San Francisco Giants’ pitcher Masanori Murakami was the first Japanese national to appear in a Major League Baseball game. On September 1, 1964, Murakami entered the ninth inning against the New York Mets, faced four batters, struck out two, and allowed no runs. Three decades would pass before the next Japanese player donned an MLB uniform; Hideo Nomo, also a pitcher, debuted in 1995 for the Los Angeles Dodgers. In all, 74 Japanese have played in the MLB, and none more spectacularly than the Dodgers’ 2025 World Series superstars, MVP Yoshinobu Yamamoto, Shohei Ohtani, and Roki Sasaki. The trio’s incomes are as astonishing as their on-field performances. Yamamoto, Ohtani, and Sasaki contracts call for, respectively, $325 million over 12 years, $700 million over 10 years, and 2.35 million, one-year because of his amateur status.

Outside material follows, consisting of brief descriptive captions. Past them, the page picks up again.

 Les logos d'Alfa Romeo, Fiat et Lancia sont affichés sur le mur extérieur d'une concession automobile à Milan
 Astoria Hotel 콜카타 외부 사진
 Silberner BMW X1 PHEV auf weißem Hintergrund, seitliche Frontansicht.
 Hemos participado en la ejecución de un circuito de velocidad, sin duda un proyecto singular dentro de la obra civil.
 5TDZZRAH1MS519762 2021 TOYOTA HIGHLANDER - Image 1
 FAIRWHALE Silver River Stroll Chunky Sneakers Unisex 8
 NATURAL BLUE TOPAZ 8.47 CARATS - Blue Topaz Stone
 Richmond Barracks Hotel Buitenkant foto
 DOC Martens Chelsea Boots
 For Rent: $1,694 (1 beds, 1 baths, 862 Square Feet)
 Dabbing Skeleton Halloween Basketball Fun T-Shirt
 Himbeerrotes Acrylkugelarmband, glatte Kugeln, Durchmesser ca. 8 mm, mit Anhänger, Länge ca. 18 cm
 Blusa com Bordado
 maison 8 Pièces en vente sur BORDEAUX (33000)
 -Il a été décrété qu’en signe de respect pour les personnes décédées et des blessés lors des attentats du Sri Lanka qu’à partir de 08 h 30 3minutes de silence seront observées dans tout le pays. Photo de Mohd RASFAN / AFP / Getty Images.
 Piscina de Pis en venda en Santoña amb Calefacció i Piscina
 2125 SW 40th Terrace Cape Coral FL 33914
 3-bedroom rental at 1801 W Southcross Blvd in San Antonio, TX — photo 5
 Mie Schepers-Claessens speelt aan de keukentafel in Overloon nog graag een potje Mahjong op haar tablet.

More Japanese players are on the way to MLB in 2026 and beyond; Nippon Professional Baseball (NPB) sluggers Munetaka Murakami and Kazuma Okamoto are set to be posted this offseason. NPB players who do not have nine years of professional experience to gain international free agency can request that team owners post them for MLB open bidding. Posting enriches the Japanese team owners who get a cut of the players MLB signing bonus, makes the Japanese players multimillionaires, and fattens billionaire owners’ bank accounts through television rights and merchandise sales. Ticket sales have partially offset the Dodgers’ other-worldly investments. The ticket price for the Dodgers’ 2024 home opener versus the St. Louis Cardinals with both Ohtani and Yamamoto on the roster averaged a fan-unfriendly $987.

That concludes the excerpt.